■ **Problem statement**
Please transcribe exactly, and only, the lines of the data below between the line holding "Оправа Опр. Liu Jo 2129-717 (+)" and the line holding "mugstandardx800right pad800x800f8f8f8 4", inclusive.

::::

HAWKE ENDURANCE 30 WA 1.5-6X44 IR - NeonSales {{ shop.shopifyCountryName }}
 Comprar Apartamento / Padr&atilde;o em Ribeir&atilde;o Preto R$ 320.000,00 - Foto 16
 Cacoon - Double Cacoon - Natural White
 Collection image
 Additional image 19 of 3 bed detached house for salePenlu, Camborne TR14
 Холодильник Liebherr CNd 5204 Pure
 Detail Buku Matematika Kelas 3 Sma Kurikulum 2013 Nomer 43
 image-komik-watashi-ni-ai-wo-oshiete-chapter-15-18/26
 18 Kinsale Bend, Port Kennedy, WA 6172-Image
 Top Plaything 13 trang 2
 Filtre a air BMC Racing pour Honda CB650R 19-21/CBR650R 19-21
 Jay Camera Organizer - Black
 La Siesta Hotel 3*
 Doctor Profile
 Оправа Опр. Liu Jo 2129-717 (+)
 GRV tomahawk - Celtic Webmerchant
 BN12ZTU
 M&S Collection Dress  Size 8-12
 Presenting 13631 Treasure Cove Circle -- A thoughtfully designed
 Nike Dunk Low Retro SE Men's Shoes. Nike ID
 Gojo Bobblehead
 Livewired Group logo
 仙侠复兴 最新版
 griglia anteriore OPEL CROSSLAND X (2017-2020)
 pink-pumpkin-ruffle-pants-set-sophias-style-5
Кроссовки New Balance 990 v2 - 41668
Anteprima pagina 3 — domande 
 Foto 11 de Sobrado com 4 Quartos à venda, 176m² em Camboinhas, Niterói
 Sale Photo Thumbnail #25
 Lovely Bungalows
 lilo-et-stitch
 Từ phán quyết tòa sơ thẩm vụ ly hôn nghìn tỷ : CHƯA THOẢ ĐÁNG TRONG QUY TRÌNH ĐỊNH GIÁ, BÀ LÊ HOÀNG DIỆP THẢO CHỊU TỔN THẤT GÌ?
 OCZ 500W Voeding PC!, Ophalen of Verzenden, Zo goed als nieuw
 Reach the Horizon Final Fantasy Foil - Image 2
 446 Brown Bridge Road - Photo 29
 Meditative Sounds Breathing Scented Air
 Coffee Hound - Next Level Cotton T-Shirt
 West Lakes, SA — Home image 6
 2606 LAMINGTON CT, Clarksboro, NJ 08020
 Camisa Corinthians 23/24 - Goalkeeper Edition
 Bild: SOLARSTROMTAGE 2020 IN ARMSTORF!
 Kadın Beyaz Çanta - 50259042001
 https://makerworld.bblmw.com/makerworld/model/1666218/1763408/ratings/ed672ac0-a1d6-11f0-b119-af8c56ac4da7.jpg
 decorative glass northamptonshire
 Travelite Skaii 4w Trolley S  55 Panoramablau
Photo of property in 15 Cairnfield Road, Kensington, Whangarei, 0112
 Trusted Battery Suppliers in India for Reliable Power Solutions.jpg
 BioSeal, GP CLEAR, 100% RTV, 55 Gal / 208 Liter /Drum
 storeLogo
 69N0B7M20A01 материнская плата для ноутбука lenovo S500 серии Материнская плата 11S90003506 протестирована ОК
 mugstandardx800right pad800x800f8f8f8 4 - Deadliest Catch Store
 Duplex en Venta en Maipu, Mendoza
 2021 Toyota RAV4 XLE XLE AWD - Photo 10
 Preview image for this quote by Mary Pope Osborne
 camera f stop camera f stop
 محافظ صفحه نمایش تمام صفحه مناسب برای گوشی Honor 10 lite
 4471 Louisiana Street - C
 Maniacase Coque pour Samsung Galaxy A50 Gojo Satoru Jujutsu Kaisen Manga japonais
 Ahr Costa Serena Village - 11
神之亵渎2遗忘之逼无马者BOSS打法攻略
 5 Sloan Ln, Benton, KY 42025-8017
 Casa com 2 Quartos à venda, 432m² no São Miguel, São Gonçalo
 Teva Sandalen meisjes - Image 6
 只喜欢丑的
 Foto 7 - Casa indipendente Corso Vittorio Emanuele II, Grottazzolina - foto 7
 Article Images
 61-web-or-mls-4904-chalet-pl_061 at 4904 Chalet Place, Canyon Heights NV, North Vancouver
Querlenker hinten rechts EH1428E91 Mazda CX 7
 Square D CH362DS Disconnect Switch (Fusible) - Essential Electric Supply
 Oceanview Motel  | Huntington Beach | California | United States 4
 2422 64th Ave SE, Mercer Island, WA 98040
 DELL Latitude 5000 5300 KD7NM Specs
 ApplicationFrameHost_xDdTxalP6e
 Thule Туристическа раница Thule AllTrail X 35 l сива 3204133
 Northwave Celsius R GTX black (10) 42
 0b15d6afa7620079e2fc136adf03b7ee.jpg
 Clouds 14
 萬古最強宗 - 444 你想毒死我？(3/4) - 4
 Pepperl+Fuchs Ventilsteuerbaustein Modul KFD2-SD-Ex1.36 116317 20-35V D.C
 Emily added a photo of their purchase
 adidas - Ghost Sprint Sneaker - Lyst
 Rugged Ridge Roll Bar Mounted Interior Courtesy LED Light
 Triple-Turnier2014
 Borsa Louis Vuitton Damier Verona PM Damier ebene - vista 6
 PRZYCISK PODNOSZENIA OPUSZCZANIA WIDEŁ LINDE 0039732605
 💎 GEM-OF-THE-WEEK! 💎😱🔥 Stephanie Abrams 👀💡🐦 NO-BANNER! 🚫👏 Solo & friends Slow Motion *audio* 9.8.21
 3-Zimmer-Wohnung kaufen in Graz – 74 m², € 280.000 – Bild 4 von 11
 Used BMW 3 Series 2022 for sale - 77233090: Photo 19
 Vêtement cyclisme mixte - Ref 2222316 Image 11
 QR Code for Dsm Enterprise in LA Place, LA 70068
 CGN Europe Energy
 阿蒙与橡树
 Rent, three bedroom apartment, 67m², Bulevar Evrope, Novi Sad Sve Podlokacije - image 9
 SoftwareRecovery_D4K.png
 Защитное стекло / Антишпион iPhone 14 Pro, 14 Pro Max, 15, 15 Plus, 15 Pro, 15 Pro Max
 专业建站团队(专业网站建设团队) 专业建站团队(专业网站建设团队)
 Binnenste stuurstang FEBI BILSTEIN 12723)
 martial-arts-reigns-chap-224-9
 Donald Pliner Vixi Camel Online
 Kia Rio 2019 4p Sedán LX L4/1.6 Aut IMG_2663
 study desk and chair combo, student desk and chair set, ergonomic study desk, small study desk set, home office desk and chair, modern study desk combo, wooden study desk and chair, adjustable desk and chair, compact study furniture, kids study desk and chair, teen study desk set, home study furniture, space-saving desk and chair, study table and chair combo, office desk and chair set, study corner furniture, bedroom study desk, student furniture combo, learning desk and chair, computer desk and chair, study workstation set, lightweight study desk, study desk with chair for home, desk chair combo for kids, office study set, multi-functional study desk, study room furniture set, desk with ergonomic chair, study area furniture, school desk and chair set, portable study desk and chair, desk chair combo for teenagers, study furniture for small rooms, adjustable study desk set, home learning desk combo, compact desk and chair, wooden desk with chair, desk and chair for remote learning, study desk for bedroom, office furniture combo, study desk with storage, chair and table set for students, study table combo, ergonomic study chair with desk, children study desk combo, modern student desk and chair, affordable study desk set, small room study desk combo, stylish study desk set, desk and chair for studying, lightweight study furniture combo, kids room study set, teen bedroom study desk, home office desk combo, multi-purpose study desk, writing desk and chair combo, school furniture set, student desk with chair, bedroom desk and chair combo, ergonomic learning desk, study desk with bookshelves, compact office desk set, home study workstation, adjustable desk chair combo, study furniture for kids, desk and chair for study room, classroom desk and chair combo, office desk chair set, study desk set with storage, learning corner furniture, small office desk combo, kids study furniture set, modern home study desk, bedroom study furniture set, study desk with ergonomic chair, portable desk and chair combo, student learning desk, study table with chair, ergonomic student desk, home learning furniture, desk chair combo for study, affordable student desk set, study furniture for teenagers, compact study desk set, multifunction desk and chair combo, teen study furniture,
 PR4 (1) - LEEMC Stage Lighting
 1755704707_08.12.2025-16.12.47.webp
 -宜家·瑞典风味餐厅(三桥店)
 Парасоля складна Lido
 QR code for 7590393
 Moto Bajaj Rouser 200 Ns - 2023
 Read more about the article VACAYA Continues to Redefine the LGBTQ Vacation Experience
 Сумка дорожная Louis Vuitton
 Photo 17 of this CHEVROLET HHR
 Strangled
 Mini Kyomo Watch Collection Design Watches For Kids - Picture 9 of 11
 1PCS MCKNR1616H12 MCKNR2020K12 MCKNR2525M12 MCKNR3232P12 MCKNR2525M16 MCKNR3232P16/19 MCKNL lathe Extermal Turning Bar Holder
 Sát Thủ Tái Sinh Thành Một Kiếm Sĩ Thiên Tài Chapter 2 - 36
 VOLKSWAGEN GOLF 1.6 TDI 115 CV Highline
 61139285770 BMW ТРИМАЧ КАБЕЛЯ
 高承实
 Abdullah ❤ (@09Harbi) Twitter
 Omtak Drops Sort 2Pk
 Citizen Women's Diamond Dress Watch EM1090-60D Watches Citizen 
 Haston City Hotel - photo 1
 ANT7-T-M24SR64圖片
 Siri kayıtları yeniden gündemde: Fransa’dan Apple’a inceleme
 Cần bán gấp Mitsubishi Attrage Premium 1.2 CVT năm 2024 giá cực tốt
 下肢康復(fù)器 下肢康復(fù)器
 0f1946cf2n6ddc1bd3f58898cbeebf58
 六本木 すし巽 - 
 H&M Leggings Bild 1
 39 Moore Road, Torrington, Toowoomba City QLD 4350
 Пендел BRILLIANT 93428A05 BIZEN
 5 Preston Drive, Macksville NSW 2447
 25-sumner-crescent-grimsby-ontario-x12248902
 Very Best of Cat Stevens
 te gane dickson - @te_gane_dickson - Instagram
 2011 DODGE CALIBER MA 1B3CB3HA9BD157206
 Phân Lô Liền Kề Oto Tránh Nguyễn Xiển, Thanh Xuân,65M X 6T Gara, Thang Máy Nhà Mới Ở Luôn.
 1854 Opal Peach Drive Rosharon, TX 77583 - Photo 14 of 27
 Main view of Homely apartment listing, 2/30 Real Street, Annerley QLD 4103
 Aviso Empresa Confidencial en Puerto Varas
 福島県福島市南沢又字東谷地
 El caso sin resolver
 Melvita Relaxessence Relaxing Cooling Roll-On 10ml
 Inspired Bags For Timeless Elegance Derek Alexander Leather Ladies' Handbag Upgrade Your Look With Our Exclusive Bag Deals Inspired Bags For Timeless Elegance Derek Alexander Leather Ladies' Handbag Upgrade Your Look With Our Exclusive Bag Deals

::::

■ **Output for this task**
 Оправа Опр. Liu Jo 2129-717 (+)
 GRV tomahawk - Celtic Webmerchant
 BN12ZTU
 M&S Collection Dress  Size 8-12
 Presenting 13631 Treasure Cove Circle -- A thoughtfully designed
 Nike Dunk Low Retro SE Men's Shoes. Nike ID
 Gojo Bobblehead
 Livewired Group logo
 仙侠复兴 最新版
 griglia anteriore OPEL CROSSLAND X (2017-2020)
 pink-pumpkin-ruffle-pants-set-sophias-style-5
Кроссовки New Balance 990 v2 - 41668
Anteprima pagina 3 — domande 
 Foto 11 de Sobrado com 4 Quartos à venda, 176m² em Camboinhas, Niterói
 Sale Photo Thumbnail #25
 Lovely Bungalows
 lilo-et-stitch
 Từ phán quyết tòa sơ thẩm vụ ly hôn nghìn tỷ : CHƯA THOẢ ĐÁNG TRONG QUY TRÌNH ĐỊNH GIÁ, BÀ LÊ HOÀNG DIỆP THẢO CHỊU TỔN THẤT GÌ?
 OCZ 500W Voeding PC!, Ophalen of Verzenden, Zo goed als nieuw
 Reach the Horizon Final Fantasy Foil - Image 2
 446 Brown Bridge Road - Photo 29
 Meditative Sounds Breathing Scented Air
 Coffee Hound - Next Level Cotton T-Shirt
 West Lakes, SA — Home image 6
 2606 LAMINGTON CT, Clarksboro, NJ 08020
 Camisa Corinthians 23/24 - Goalkeeper Edition
 Bild: SOLARSTROMTAGE 2020 IN ARMSTORF!
 Kadın Beyaz Çanta - 50259042001
 https://makerworld.bblmw.com/makerworld/model/1666218/1763408/ratings/ed672ac0-a1d6-11f0-b119-af8c56ac4da7.jpg
 decorative glass northamptonshire
 Travelite Skaii 4w Trolley S  55 Panoramablau
Photo of property in 15 Cairnfield Road, Kensington, Whangarei, 0112
 Trusted Battery Suppliers in India for Reliable Power Solutions.jpg
 BioSeal, GP CLEAR, 100% RTV, 55 Gal / 208 Liter /Drum
 storeLogo
 69N0B7M20A01 материнская плата для ноутбука lenovo S500 серии Материнская плата 11S90003506 протестирована ОК
 mugstandardx800right pad800x800f8f8f8 4 - Deadliest Catch Store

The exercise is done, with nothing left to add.